§ Exercise data:
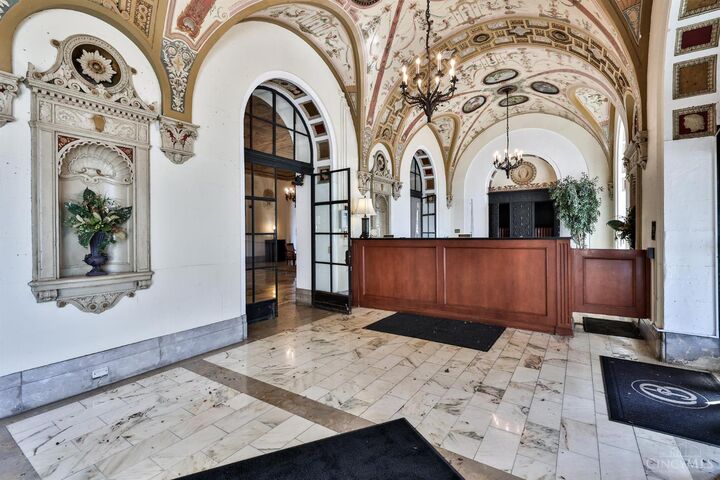 Property Photo:  3900 Rose Hill Avenue  OH 45229 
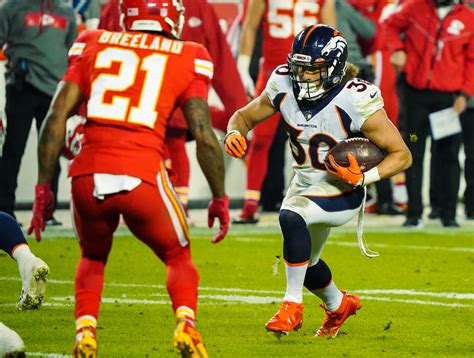 Report: Chiefs 'Would Welcome' Broncos RFA Phillip Lindsay 'With Open ...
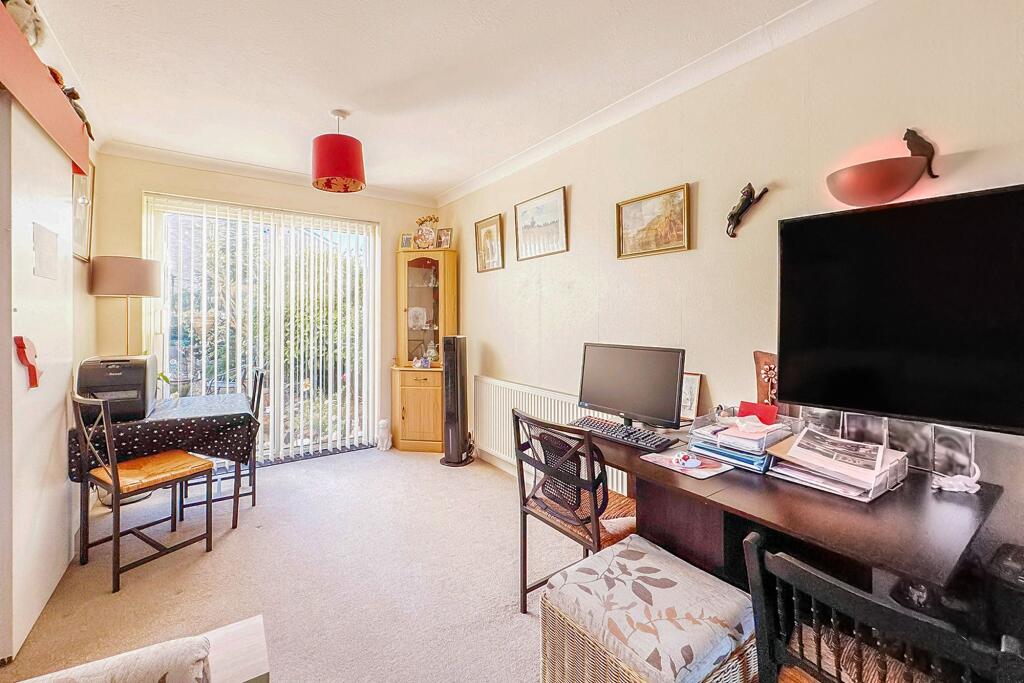 Living Room/Dining Room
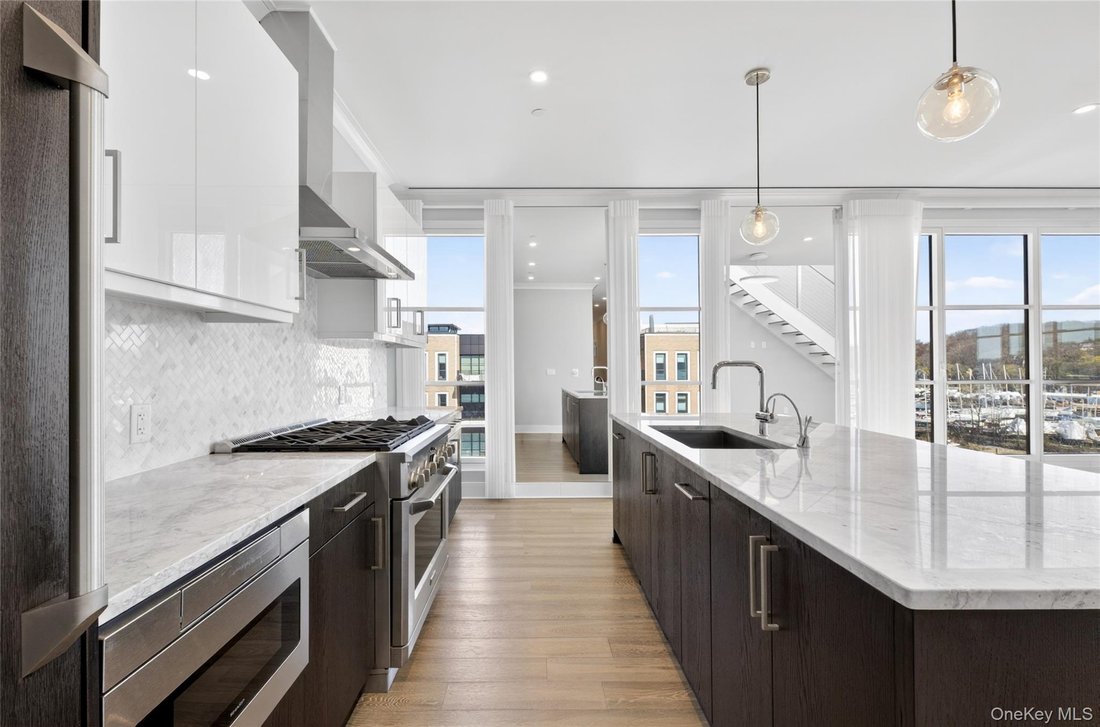 Condo in Glen Cove, New York, United States 4 - 17648521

§ Task item:
Would you give again exactly the lines from the line containing "Living Room/Dining Room" through the end of the listing, both ends included, without any pictures?

§ Solution to this problem:
 Living Room/Dining Room
 Condo in Glen Cove, New York, United States 4 - 17648521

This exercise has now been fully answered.